Un mot, au passage sur cette particulière dangerosité, tel un lapsus, elle nous révèle une autre future scène : comment établir la différence entre une dangerosité et une particulière dangerosité ? En répétant l'appel à émotion qui a prétendu justifier cette loi, « la particulière dangerosité » risque d'assoner assez en écho avec le particulier insécurisé pour faire glisser l'imaginaire de ce dernier dans la peau de la victime appelée à la reconnaître.
Quelques cas assez monstrueux viennent frapper notre imagination, bien mis en scène, et nous voilà identifiés aux victimes, le fléau social gonfle tel un levain, avec un peu de chance, c'est bien le diable si dans les deux ans qui viennent une histoire douloureuse ne se fera pas jour ; la presse, quelque retenue qu'elle y mette dans le meilleur des cas, ne pourra éviter à chacun de se voir projeter sur la scène du crime... Une propagande bien orchestrée permettra d'attester le bien fondé d'un état de sûreté permanent.

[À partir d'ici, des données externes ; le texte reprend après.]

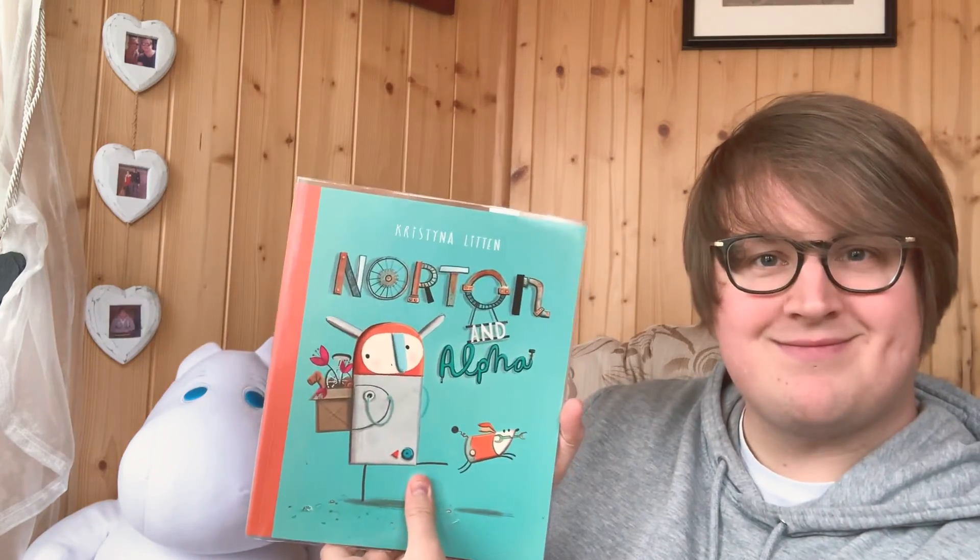That was Norton and Alpha by Christina Lytton. Bye bye everyone.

N'est-ce pas de cela dont il est question, faire de nous les citoyens d'un nouvel état de sûreté permanent ?
En effet, cette nouvelle loi trouve à se justifier par la construction d'une mise en situation de la crainte qui nous pousse à nous identifier à la future victime, permettant ainsi le passage de la saisie affective à un état de crainte permanent.
Montesquieu déjà, en son temps, nous avait avertis du risque inhérent à la crainte. Il décrivait trois types de gouvernement par leurs natures et leurs principes : la République, dont le principe est la vertu, apparue dans une situation trop exceptionnelle, - limitée à la Grèce antique et à de tous petits États - pour qu'il en imaginât le retour ; la monarchie, ayant pour principe l'honneur ; le despotisme, fondé sur le principe de la crainte. Voilà quelqu'un qu'on ne peut taxer d'excessif dans sa réflexion sur la politique, car il était plutôt pour une monarchie « constitutionnelle » qu'il opposait à la monarchie absolue ou despotisme avec son principe de la crainte.
Il nous lance par-dessus les siècles plusieurs avertissements :
- Établir un régime sur la crainte n'a pas d'autre finalité que de permettre au despote de n'avoir pour politique que ses propres passions. La religion qui se trouve apparemment au-dessus de son autorité ne limite pas son pouvoir, selon les propres termes de Montesquieu, elle ne fait qu'ajouter de la crainte à la crainte. Il étale ses désirs privés, d'où, dans l'exemple qu'il choisit : le harem. Il existe à n'en pas douter des formes modernes du harem, pas tant celui d'un étalage spectaculaire des parures des gardiens du temple que l'extraordinaire course à l'accumulation de l'argent...
- Un autre avertissement devrait nous intéresser, il concerne l'égalité dans les régimes despotiques : l'égalité y est presque parfaite puisqu'ils (les sujets du despote) « ... sont égaux parce qu'ils ne sont rien. » Être égaux en droit suppose le contradictoire, l'égalité ne se juge pas sur l'écart quantitatif par rapport à un modèle d'origine, un citoyen étalon, mais sur la mise en débat pour quelqu'un de l'idée même de le considérer comme l'égal des autres dans son cas particulier.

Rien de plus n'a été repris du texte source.